砖窑村此次取字有以下特点:(1)继承了名与字相互补充阐释的传统惯例,女性不在取字之列。(2)古代取字多与冠礼、成年礼相联系,冠字后成婚。为适应当下形势需要,砖窑村取字号不限制年龄与婚否,婚前婚后、二十余岁至五六十岁均可以取字。(3)结合现实需求,制定三榜定字的采字方法。(4)为了表示对家中长辈的尊重,年轻一辈取字号时还要附带帮其长辈取字号。这些是村寨精英经过深思熟虑、灵活变通的创新之举。在传承乡村文化之时重构其形式,目的是为了适应当下贺号有中断的实际情况。
在整个贺号习俗中,女性不能加入到采字号活动中。“男女异长。男子二十,冠而字。父前子名,君前臣名。女子许嫁,笄而字。”[10]283先秦时期贵族女子及笄礼后取字便可嫁人了,与男子的冠礼对应。随着封建专制与儒家思想逐渐被强化,其后的历史社会中,只有部分贵族官宦女子或知识女性可以取字号。如唐朝的公主都有字。又如蔡琰,字文姬,又字昭姬;李清照,号易安居士。有字号的女性在历史长河中屈指可数。宋代封建礼教达到顶峰之后,女性的社会地位愈益卑下,民间女子婚后被冠夫姓成“某某氏”,连名亦不复留存。砖窑村未改变有案以来女性不取字号的传统。
关于取号的依据,被访谈人整体看法一致,认为号要为名增添光辉。被取号者一般对自己原来的名字不太满意,有些人小时候可能有“脏名”,有些人过去遭遇了不顺心之事,运气不好。他们希望通过取字号来改变原来的情况,使后面的生活更如意。取字号的依据如下。
第一,依据名与字相匹配原则取字。名和字相互阐释、引申、补充、正反相合皆可。砖窑村两位采字老师侯之国和吕增文,非常注重名与字的相互表述。如吕增雨,字“润田”;侯怀顺,字“通达”;侯之宽,字“广阔”。江绍原认为:“我们至今犹受名字相配说的支配。例如我本名绍源,字澄甫;后因避讳改名绍原,字亦变为诚甫。杨振声,字金甫,是个更恰当的例(成语:金声玉振)。”[12]3
第二,依据五行等民间知识取字。比如村民侯怀磊,通过“五格剖相”发现此名缺木,名字里石头太多,故起字“木村”。

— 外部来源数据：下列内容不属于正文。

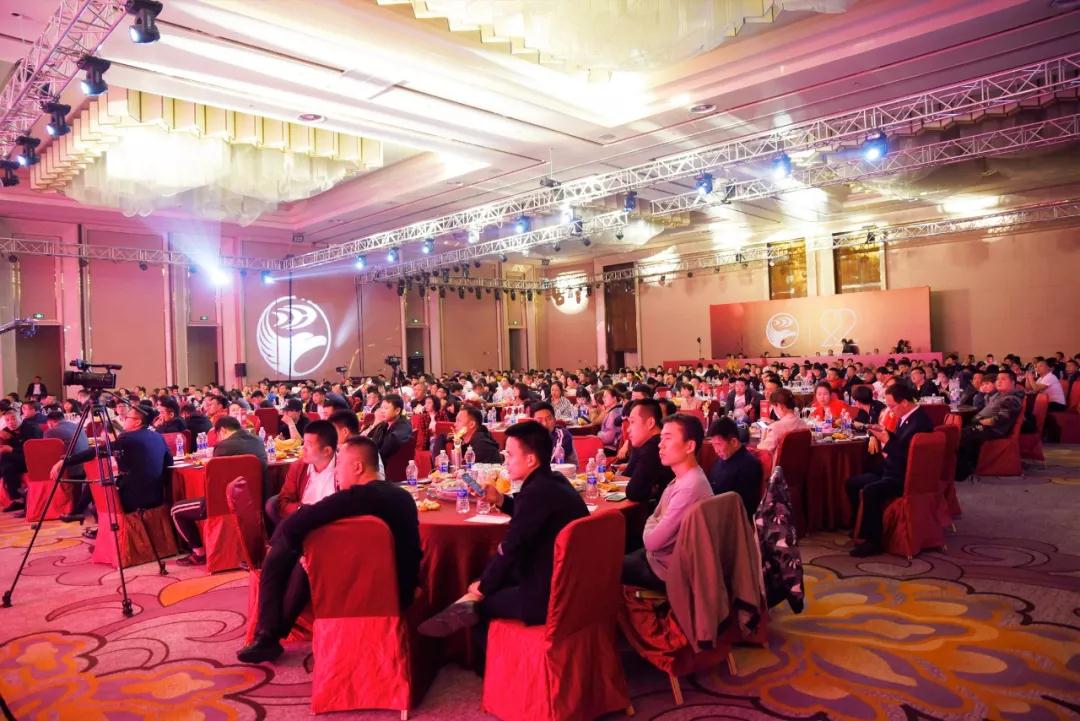 首页-BBIN宝盈集团官方网站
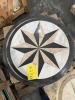 MEDALLIONS - 2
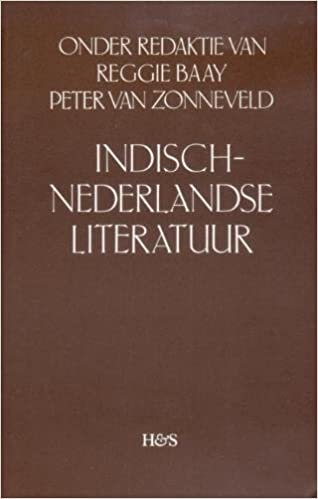 okumak Indisch-Nederlandse literatuur: Dertien bijdragen voor Rob Nieuwenhuys
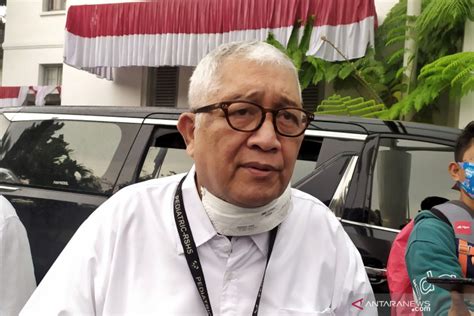 dr kusnandi - elchoricharrua.com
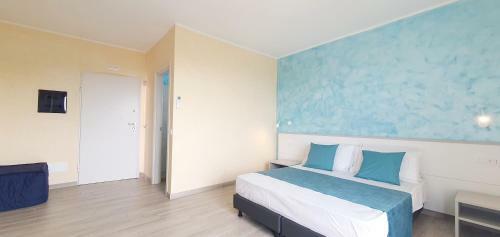 Hostal I Fichi D'india Rooms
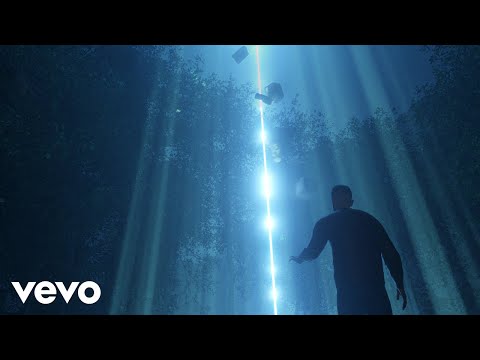 NURKO, James Gillespie - Art Of Letting Go (Visualizer)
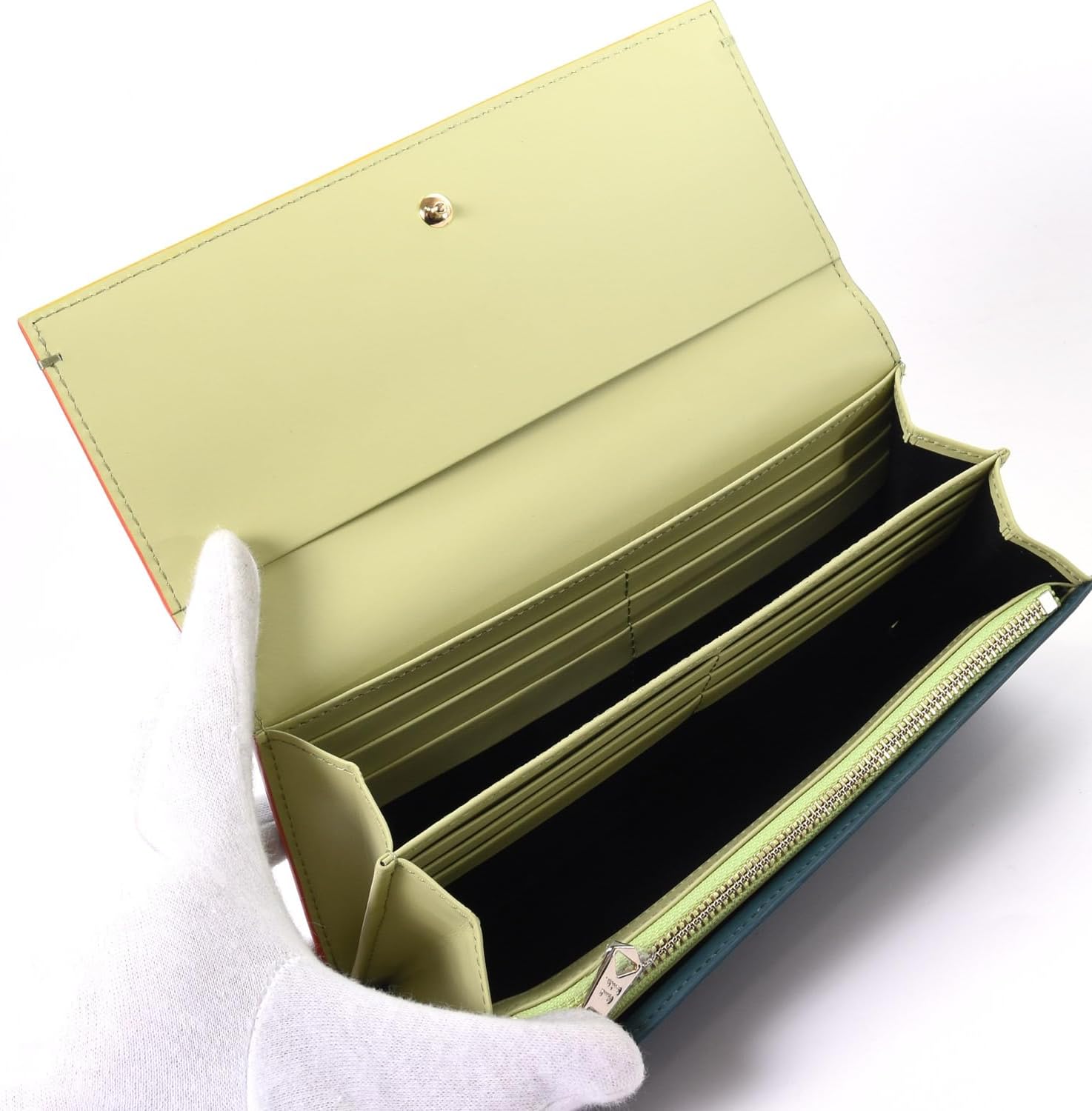 DYTAC URX3 電動ガン ドットサイト マガジン5本付き 電動ガン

第三,尽量不取生僻字,不能给人坏的联想。比如吕元生,原来取字“春屮”,因屮(植物生长之意)不常用,一般人认不出来,后改字为“春华”,与“元生”相辅相成。侯怀影,先前采字“香尘”,但因可能会被理解为“香灰”,所以重新采字“美斋”,即美好的斋堂,而且比“香尘”雅致。
此次砖窑村贺号采字实行“三榜定字”。砖窑村村民报名申请采字后,两个采字的老师在一起,针对同一个人,各自取一个字,这就是第一榜。第一榜里面同一个人有两个不同的字,用大红纸写了贴在街上,报名人自己去看是否适合自己,特别要跟自己朋友、老人、子女比较,是否有冲突。第一榜张贴实际是要征求被取号人的意见,他可以有自己的想法,如果觉得不适合可要求另取。在征求本人意见后确定一个或重取一个,这是第二榜,但不能以之为准,因为亲友之间、家谱上可能有相同的,查验之后若有重复,还得再换。另外还有一点是砖窑村特别注意的——那就是要为附近几个村贺号的人考虑,比如两个人的字里都有“双”,为了避讳双字,他们两个人可以商量,一个叫老双,一个叫老全,或者一个按字的首字叫,一个按字的末字叫。这些问题解决了以后,第三榜就可以确定下来并公布了。这便是三榜定字。
由于砖窑村40年来第一次举行贺号仪式,因此本次活动没有“温号”环节。过去一般都是“温号”与“贺号”并存。温号即公布新取字号名单时,上一批字号名单也一并张榜公布,目的是为了方便记忆和比较。
乡村文化传承不是简单地复兴文化和保留文化,它包括文化变迁或重构。文化总是在新的历史阶段产生新的形式和意义,无论是风俗习惯还是信仰行为,只要人们接受并实践,它就存在。因此,文化传承包括人们对传统文化的重新认知、培育、阐释或再创造。《礼记·王制》中说:“凡居民材,必因天地寒暖燥湿,广谷大川异制。民生其间者异俗,刚柔、轻重、迟速异齐,五味异和,器械异制,衣服异宜。修其教,不易其俗。齐其政,不易其宜。”[10]333各处乡村的气候环境不同,衣食住行皆有差异,政府治理也不能轻易改变适宜当地民众生活的风俗习惯。只有让村民生活在他们自己的文化习俗当中,农村社会才能稳定和谐。砖窑村贺号在村寨文化精英的认知、阐释和重构下,体现出与其他地方不同的特点,包含着当前时代背景下的取舍与构建。砖窑村贺号习俗的复兴,是重构式的文化传承。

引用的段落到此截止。